Im Rückspiel habe ich den Jungs gesagt, dass sie die Möglichkeit haben, Geschichte zu schreiben und dass sie es sich einfach verdient haben. Dann haben sie 90 Minuten lang alles getan, was sie konnten und die Leistung war unbeschreiblich. Keiner hatte uns auf der Rechnung, jetzt ist es wie ein Märchen. Ein bisschen Glück gehört immer dazu, aber die letzten Wochen haben gezeigt, dass sich unsere Arbeit, die Extra-Schichten bei Schnee und Wetter, gelohnt hat. Vor allen Dingen hat am Ende aber das größere Herz gewonnen, so beschreiben die Relegationsspiele auch unsere ganze Saison recht gut.

Man hört heraus, dass der TSV Bergkirchen ein familiärer Verein ist. Rechnen wir zurecht mit sehr wenigen Änderungen im Hinblick auf die kommende Saison?

Bergkirchen ist eine verschworene Truppe. Keiner verdient hier Geld, das macht den Charm aus. Wir werden uns schon punktuell verstärken, den einen oder anderen Jugendspieler hochziehen, aber der Haufen bleibt zusammen. Jeder hat sich die Kreisliga-Saison verdient und ich bin einfach Mega Stolz auf die Jungs.

Für dich persönlich ist es der zweite Aufstieg. Wie fühlt es sich als Coach an?

Ein Aufstieg ist immer etwas ganz besonderes. Ich habe im Fußball schon einiges mitgemacht, aber dieser Verein ist etwas ganz Besonderes. Es ist völlig egal, ob man Regionalliga, Bayernliga oder sonstiges spielt, man merkt direkt wie viel dieser Aufstieg für den TSV bedeutet. Wir haben gestern eine Traktorfahrt gemacht und die Leute haben uns von allen Seiten zugejubelt. Alte Menschen haben getanzt und teilweise sogar geweint. Diese Identifkation ist einzigartig und etwas Großartiges. Vom ganzen Trainerteam, kann ich nur einen riesen Dank an alle Zuschauer und Anhänger schicken. Sie haben alles grandios organisiert: Fahnen, Bengalos, Pyrotechnik, das war wirklich unbeschreiblich.

Mit deinen 37 Jahren gehörst du nicht mehr zu den jüngsten Spielertrainern. Wie lange kann sich Bergkirchen noch über deine Buden freuen?

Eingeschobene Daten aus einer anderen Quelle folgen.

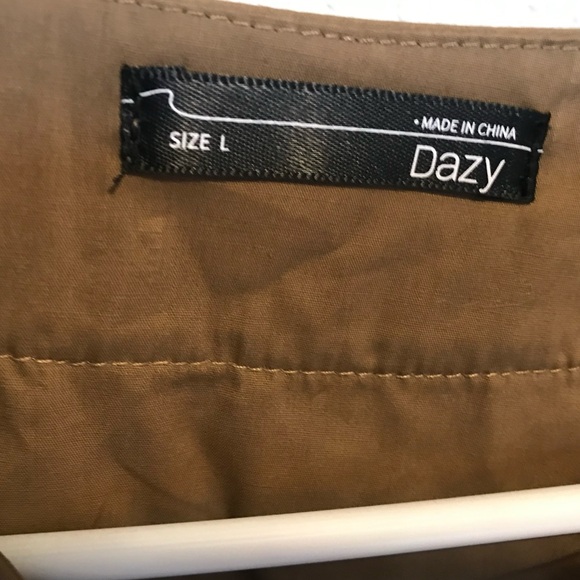 NEW Brown Ruffled Long Sleeve Blouse - Picture 3 of 3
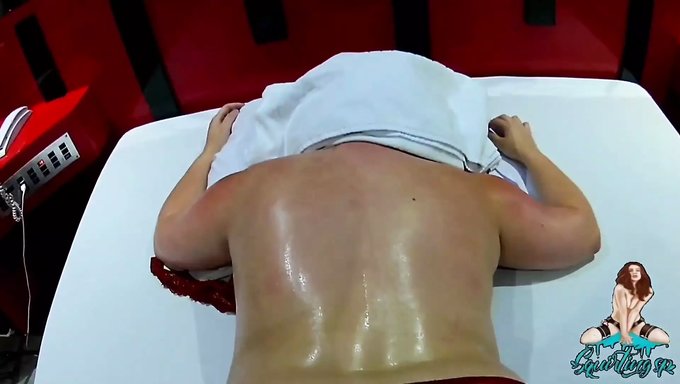 Genç (18+) Latin, Brezilya Masajı Ve Mastürbasyondan Keyif Alıyor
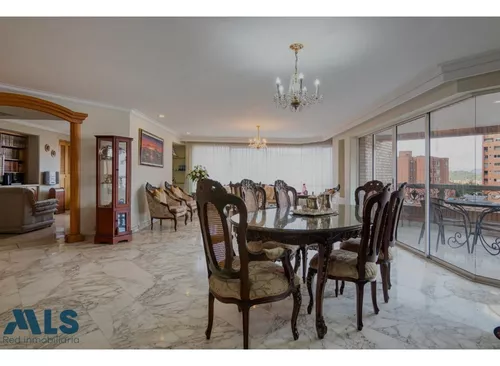 Apartamento En Sector De Laureles(mls#245497)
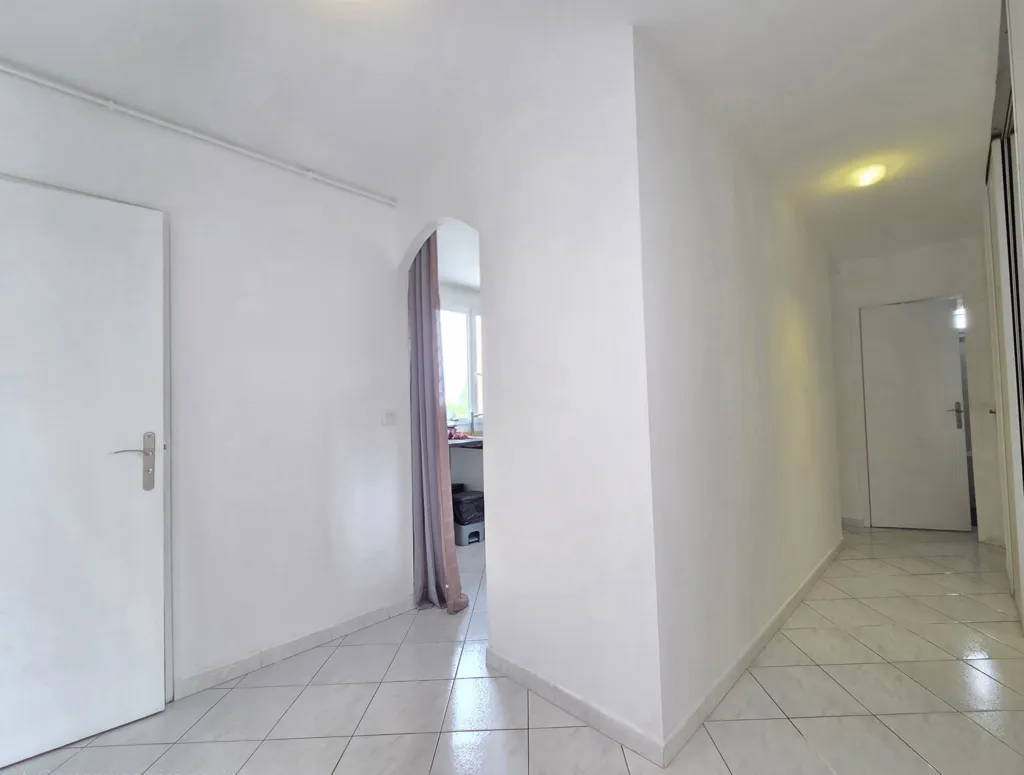 Esik - Brightly Lit Flat with Parking in Plessis-Trévise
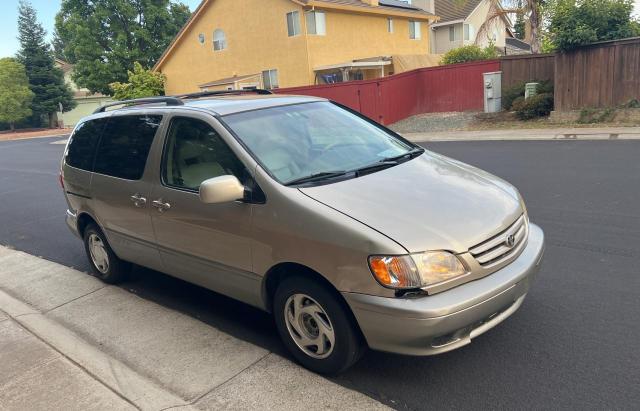 2002 Toyota Sienna Le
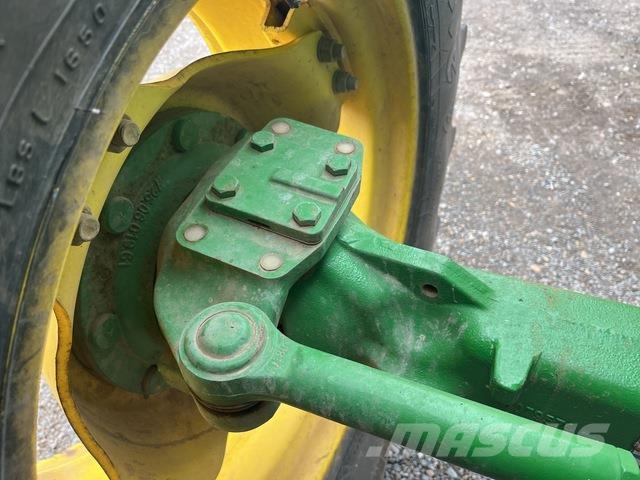 John Deere 5090R Tractors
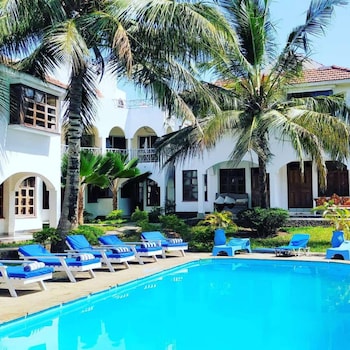 diani breeze villas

Ich habe schon im Winter verlängert. Ich wollte von Anfang an nicht nur für ein Jahr hier sein. Dabei schaue ich auch in keinster Weise aufs Geld, sonst wäre ich nicht beim TSV Bergkirchen. Natürlich wird man älter, aber ich werde versuchen der Mannschaft auch nächstes Jahr weiterzuhelfen. Wenn das nicht so hinhaut haben wir junge Hüpfer, die einspringen können. Irgendwann werde ich mich bestimmt zurückziehen und nur noch von der Seitenlinie beobachten. Bevor es ganz schlimm aussieht und ich mich wie alter Mann über den Platz schleppe, hänge ich die Schuhe auf jeden Fall an den Nagel. Nächstes Jahr werde ich auf jeden Fall noch auf dem Platz stehen, dann muss man weiter schauen.